Cronaca

Codice identificativo: solo chiacchiere sul distintivo

Sembrano quei triti servizi di moda che iniziano con: “Chi l’avrebbe mai detto che sarebbero tornati di moda i pantaloni alla zuava?”. Vorrei saltare sul divano e urlare: “Io! Io! L’avrei detto io!”.

E non perché sia un esperto di moda. Ma perché in questo Paese, ciclicamente, ci si fanno le stesse domande.

Per darsi le stesse risposte. O non  dare alcuna risposta. Come in questo caso.

 Nel 2007, alle Iene ci occupammo del caso di una tifosa del Manchester che era venuta a Roma a vedere una partita di Coppa.

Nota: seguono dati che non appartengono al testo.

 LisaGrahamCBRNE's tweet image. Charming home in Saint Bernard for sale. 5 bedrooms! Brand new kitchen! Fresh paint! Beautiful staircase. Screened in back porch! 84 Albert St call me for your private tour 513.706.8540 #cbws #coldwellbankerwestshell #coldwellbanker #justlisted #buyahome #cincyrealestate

Durante alcuni scontri, le fu rubata (la si può chiamare “sottrazione”, ma di un furto a tutti gli effetti si trattava) una macchina fotografica, perché stava filmando un gruppo di poliziotti  intervenuto all’interno dello stadio Olimpico. Intervistammo un dirigente, il quale dichiarò che l’operato del poliziotto (ribadisco: di un  poliziotto, il protagonista della“sottrazione”) era stato non solo scorretto ma gravissimo.

La tifosa inglese aveva sporto denuncia. Però non si poteva identificare l’agente, visto che aveva una fazzoletto sul volto. Alla specifica domanda se “fosse legale coprirsi il volto”, la risposta fu: “Assolutamente no”.

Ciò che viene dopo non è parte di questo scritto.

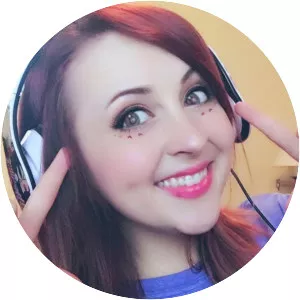 Lizz Robinett - Musical artist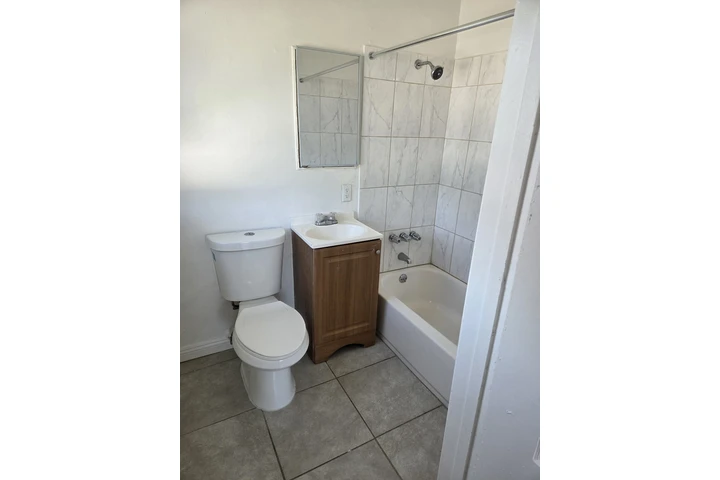 $1850 : Alhambra 1 bedroom For Rent image 5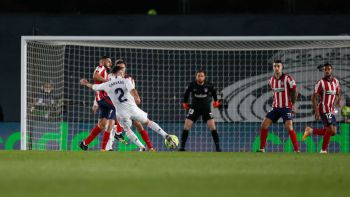 Derby dla Realu! Królewscy znowu wygrali ważny mecz. Co za bomba Carvajala (VIDEO)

 Se serve, facciamo l’elenco delle cose che vanno dette (magari vi evito la fatica di qualche commento prevedibile):

–   occuparsi di ordine pubblico è una cosa difficilissima;

–   un conto è stare qui a scrivere, un conto è stare in strada con la gente che ti tira di tutto (ma non si dovrebbe essere preparati bene a questo tipo di situazioni, soprattutto se fai parte di uno dei famosi “reparti mobili”?);

–   si rischia di rispondere a violenza con la violenza (idem la storia sulla preparazione).

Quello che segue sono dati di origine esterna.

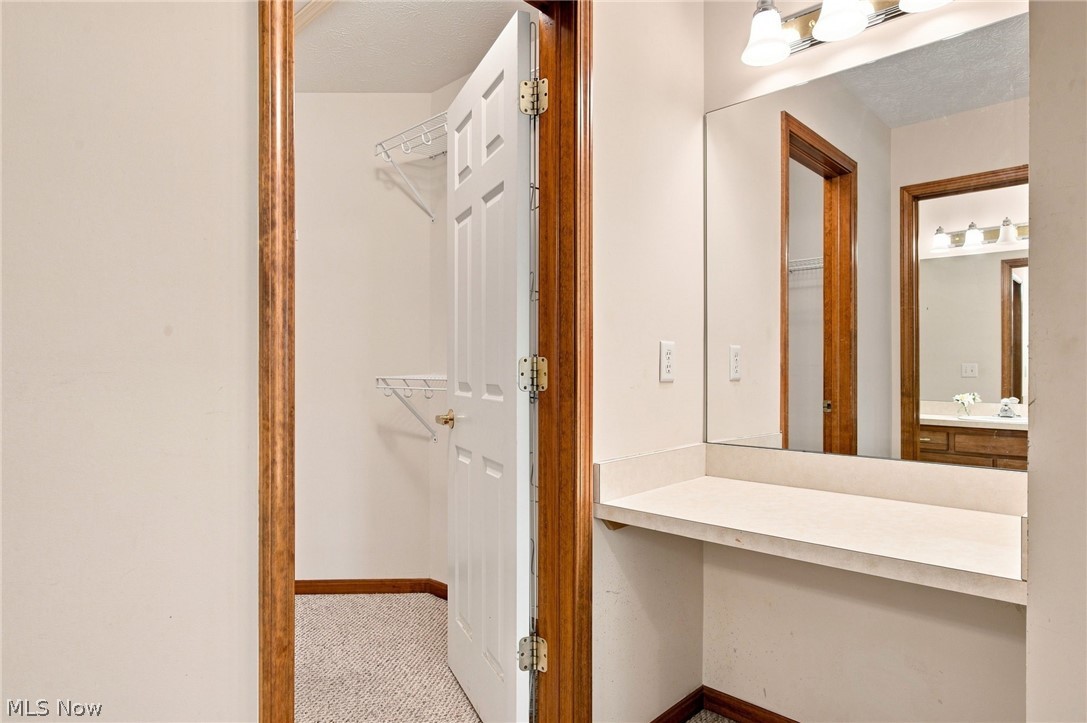 30890 Iris Court North Olmsted OH 44070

 Non sono quel genere di persona che guarda la divisa con diffidenza. Anzi. La guardo con grande ammirazione. Pensando allo stipendio da fame e alle grandissime responsabilità. So che rappresenta lo Stato. Quando vedo un posto di blocco (o mi fermano per un controllo), non ne sono infastidito. Ne sono rassicurato.

Chi è che si lamenta, nascondendosi dietro la scusa del diritto alla privacy, delle telecamere nelle città, della presenza massiccia delle forza dell’ordine, dei controlli?

Chi ha qualcosa da nascondere.

Ogni volta che ci sono episodi come quello avvenuto la settimana scorsa (manifestanti inermi calpestati e malmenati) rispunta la domanda – a cui si può dare la stessa risposta – : “Perché le forze di sicurezza italiane non sono dotate di codice identificativo?”.

Il ministro Alfano si è detto assolutamente contrario. Ma non ha spiegato perché. Anzi, ha rincarato: lo dovrebbero portare i manifestanti. Su questo siamo d’accordo: il diritto sacrosanto a manifestare nulla ha a che vedere con la libertà a sparare bombe carta o a mettere a ferro e fuoco una città.

Per questo, ministro, la maggior parte delle persone si domanda come mai si permetta a dei presunti manifestanti di accedere ai cortei con il volto coperto. E, che tutti si sia riconoscibili, lo chiedono soprattutto i cittadini che in strada vanno a protestare. Perché non ci stanno a passare per violenti o “teppistelli” frustrati.

Dunque la domanda è: non è la stessa cosa che vogliono i poliziotti per bene, che, suppongo, siano la maggioranza?